Information Retrieval: Algorithms and Heuristics
Review of Grossman and Frieder's book on information retrieval, algorithms and heuristics
Dr. E. Garcia
Mi Islita.com
Email | Last Update: 09/03/05
Topics
Information Retrieval
Audience
Structure
Highlights
Comments
Recommendations
References
Information Retrieval: Algorithms and Heuristics
By David A. Grossman and Ophir Frieder. Springer, 2nd Edition, 2004, 332p., illus., biblio., index. (The Kluwer International Series on Information Retrieval). ISBN 1-4020-3004-5 (PB) $38.00.
Audience
Information Retrieval is a textbook for computer science students and a reference book for IR practitioners.
Structure
The book structure consists of a Contents, List of Figures, Forewords, Acknowledgments, nine chapters, References and Index sections. With forewords by Bruce Croft, each chapter of the book ends with a Summary and Exercises section. The first part of the book addresses relevancy and algorithms, while the second part focuses on architecture.

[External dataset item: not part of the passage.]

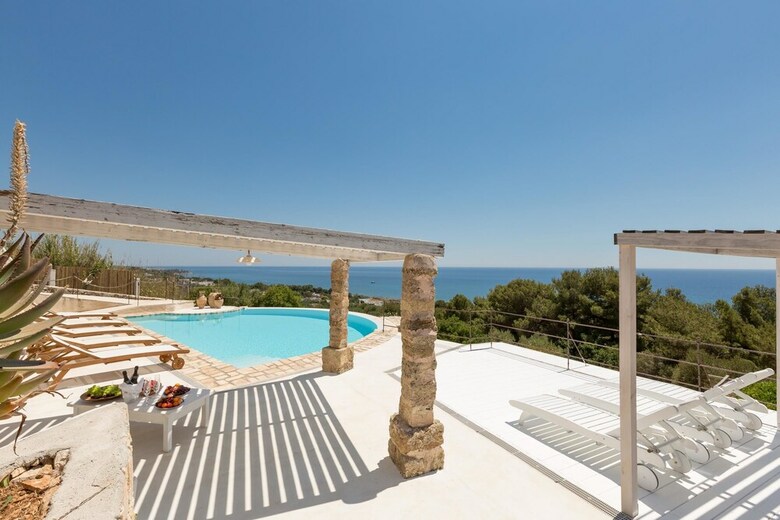 Villa Valeria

Subjects: Computer Science, Information Retrieval, Internet, Search Engines
Table of Contents
Dedication v
List of Figures xi
Foreword xiii
Preface xv
Acknowledgments xix
1. Introduction 1
2. Retrieval Strategies 9
3. Retrieval Utilities 93
4. Cross-Language Information Retrieval 149
5. Efficiency 181
6. Integrating Structured Data and Text 211
7. Parallel Information Retrieval 257
8. Distributed Information Retrieval 275
9. Summary and Future Directions 291
References 299
Index 331
Highlights
Chapter 1 briefly discusses precision and recall curves and states that the primary focus of the book is the ad hoc aspect of IR; i.e., the retrieval of relevant information in response to user queries.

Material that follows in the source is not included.